Here is Euler’s theorem:
Let $a$ and $n$ be integers such that $n>0$ and $\gcd\{a,n\}=1$. Then $a^{\phi(n)} \equiv 1 \pmod n$.
Here is the proof:
Since $\lvert U(n)\rvert = \phi(n)$ and $\gcd\{a,n\}=1$ for all $a\in U(n)$, then $\color{red}{a^{\phi(n)}=a^{\lvert U(n)\rvert}=1}$. Since $U(n)$ is a group under modulo multiplication, $a^{\lvert U(n)\rvert}\equiv 1\pmod n$. Then $n \mid \left( a^{\lvert U(n)\rvert} -1\right)$ or $n \mid \left(a^{\phi(n)}-1\right)$ or $a^{\phi(n)}\equiv 1\pmod n$.
Can someone please explain to me the part in red? Is it saying that $\lvert a\rvert=\lvert U(n)\rvert$? And why is $a$ a generator of $U(n)$? Should $a$ be defined as a positive integer then?
Best Answer
Remember, if $G$ is a finite group of order $n$, then for all $g \in G$ we have $g^n = e$. Since the order of $U(n)$ is $\phi(n)$, then $a^{\phi(n)} = 1$ for all $a \in U(n)$.

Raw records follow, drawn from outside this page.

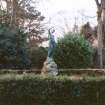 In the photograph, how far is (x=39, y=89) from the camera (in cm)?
998

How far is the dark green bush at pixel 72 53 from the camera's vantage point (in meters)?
19.8

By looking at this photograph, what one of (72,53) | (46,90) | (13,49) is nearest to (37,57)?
(72,53)

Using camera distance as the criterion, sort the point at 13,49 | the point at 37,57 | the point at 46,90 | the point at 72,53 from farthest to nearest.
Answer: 1. the point at 37,57
2. the point at 72,53
3. the point at 13,49
4. the point at 46,90

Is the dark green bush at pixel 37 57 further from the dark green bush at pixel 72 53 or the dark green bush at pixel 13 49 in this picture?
the dark green bush at pixel 13 49

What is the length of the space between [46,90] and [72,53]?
10.2 metres

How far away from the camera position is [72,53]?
20.0m

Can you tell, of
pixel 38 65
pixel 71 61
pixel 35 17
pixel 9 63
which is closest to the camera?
pixel 9 63

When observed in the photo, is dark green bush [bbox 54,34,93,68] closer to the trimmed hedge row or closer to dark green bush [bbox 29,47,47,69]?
dark green bush [bbox 29,47,47,69]

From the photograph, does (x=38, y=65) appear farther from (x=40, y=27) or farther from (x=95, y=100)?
(x=40, y=27)

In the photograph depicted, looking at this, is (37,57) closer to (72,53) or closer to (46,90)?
(72,53)

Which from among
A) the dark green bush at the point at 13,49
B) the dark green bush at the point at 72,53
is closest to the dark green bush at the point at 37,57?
the dark green bush at the point at 72,53

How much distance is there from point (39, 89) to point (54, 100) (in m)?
0.55

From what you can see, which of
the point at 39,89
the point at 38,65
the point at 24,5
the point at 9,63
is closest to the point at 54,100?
the point at 39,89

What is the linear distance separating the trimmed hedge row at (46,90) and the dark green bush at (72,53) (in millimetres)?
9320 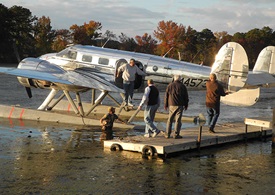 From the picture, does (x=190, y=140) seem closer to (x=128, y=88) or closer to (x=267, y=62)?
(x=128, y=88)

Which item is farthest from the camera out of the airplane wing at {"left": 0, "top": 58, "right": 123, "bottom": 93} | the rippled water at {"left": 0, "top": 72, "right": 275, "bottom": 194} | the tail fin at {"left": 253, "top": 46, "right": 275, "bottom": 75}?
the tail fin at {"left": 253, "top": 46, "right": 275, "bottom": 75}

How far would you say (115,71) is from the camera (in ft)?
56.6

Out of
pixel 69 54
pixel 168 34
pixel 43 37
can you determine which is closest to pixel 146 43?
pixel 168 34

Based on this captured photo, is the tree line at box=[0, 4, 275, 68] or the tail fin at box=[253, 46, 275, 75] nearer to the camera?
the tail fin at box=[253, 46, 275, 75]

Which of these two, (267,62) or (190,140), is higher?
(267,62)

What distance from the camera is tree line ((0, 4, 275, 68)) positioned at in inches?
3027

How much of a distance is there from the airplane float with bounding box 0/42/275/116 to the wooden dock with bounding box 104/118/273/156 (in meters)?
1.63

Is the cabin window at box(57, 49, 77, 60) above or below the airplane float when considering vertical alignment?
above

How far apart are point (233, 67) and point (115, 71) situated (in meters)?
4.44

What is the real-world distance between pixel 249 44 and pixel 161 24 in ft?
66.0

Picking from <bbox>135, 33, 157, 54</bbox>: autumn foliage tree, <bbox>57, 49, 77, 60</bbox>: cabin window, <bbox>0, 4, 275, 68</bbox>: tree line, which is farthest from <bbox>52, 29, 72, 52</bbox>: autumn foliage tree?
<bbox>57, 49, 77, 60</bbox>: cabin window

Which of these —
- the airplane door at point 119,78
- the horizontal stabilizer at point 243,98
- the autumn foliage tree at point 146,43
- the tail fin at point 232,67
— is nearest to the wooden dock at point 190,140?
the horizontal stabilizer at point 243,98

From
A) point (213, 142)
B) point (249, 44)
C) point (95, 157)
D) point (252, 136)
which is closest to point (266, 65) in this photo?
point (252, 136)

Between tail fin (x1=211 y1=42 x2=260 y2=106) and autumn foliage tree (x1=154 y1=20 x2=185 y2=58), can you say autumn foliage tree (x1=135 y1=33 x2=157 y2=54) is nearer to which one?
autumn foliage tree (x1=154 y1=20 x2=185 y2=58) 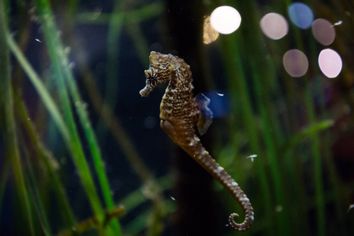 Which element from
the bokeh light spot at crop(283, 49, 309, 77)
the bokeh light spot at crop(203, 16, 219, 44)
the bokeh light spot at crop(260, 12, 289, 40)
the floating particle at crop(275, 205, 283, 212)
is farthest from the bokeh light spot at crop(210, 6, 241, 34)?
the floating particle at crop(275, 205, 283, 212)

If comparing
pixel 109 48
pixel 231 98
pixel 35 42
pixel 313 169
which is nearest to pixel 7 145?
pixel 35 42

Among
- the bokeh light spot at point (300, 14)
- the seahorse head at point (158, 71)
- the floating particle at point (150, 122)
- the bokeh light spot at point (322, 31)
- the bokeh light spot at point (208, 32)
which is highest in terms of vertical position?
the bokeh light spot at point (300, 14)

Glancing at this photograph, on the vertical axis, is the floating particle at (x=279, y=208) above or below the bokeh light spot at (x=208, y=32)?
below

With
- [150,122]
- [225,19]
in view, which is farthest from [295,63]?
[150,122]

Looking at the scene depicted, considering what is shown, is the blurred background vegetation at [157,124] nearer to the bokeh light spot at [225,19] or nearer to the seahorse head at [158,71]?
the bokeh light spot at [225,19]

Notice that $\mathbb{Z}/n\mathbb{Z}$ consists of equivalence classes and $U(n) = \{ \overline{a} \in \mathbb{Z}/n\mathbb{Z} \,:\, \gcd(a,n) = 1\}$. So the elements of $U(n)$ can be viewed as integers as long as you understand that we are really identifying the classes with representatives from each class (which are integers). For instance, in $U(12)$ we consider $5$ and $17$ to be the same element since they represent the same equivalence class in $\mathbb{Z}/12\mathbb{Z}$.
Also, if $n$ is not prime then $U(n)$ may not be cyclic (hence does not have a generator).